- Born: 18 March 1927 Ningbo, Zhejiang
- Died: 25 November 2019 (aged 92) Zhongzheng, Taipei, Taiwan
- Education: National Chekiang University (BA) Clark University (PhD)
- Father: Chang Ch'i-yun

= Chang Jen-hu =

Taiwanese scientist

Chang Jen-hu (張鏡湖 (Zhāng Jìnghú)), or J. H. Chang (18 March 1927 – 25 November 2019) was a Chinese-born Taiwanese educator, geographer based in Taiwan. He was a specialist in ancient climate change, and the agricultural development of mainland China and Taiwan. Chang was the chairman of the board of directors of Chinese Culture University.

==Biography==

Chang was born in Ningbo, Zhejiang Province, on 18 March 1927. His father was Chang Ch'i-yun, who was a prominent politician and educator of the Republic of China. Chang graduated from the Department of Geography and History of the National Chekiang University in Hangzhou in 1948. In 1954, Chang obtained his Ph.D. in geography from Clark University in the United States. Chang was a research associate at Johns Hopkins University from 1954 to 1956, at Harvard University from 1956 to 1958, and at the University of Wisconsin–Madison from 1958 to 1959.

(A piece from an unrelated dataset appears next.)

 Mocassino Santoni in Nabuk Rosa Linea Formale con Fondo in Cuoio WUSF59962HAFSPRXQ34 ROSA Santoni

From 1959 to 1964, Chang was an editor for the National Geographic Magazine of the National Geographic Society. From 1959 to 1984, Chang was a professor at the University of Hawaii, after which he was granted emeritus status. Chang is a past member of the editorial board of the Annuals of the Association of American Geographers. Chang was also the secretary of the Hawaiian Geophysical Society. From 1984, Chang chaired the board of directors of Chinese Cultural University. From 1987, he served in the same position at Taipei Hwa Kang Arts School.

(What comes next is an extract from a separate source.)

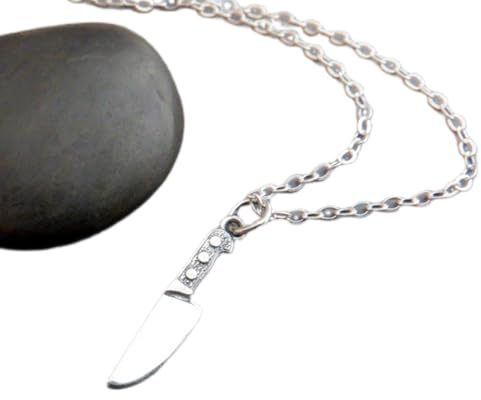 Collier couteau de chef en argent sterling 925. Ustensile de cuisine. Breloque pour cuisinier français. Passionné de pâtisserie. Mini couteau de chef | Chaîne de 45 cm | Plaqué argent | WW_PNK_02658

Chang died on 25 November 2019 at National Taiwan University Hospital.

==Selected works==
- Agricultural geography of Taiwan (1953). monographic volume.
- Climate and Agriculture; An Ecological Survey (1968). ISBN 978-0-202-36249-6.

==Honors and awards==

Chang received several honorary doctorates, including from the Kyung Hee University in South Korea, Kokushikan University and Sōka University in Japan, and Saint Petersburg State University in Russia. Chang also received an honorary doctorate in humanities from his alma mater Clark University in 2006.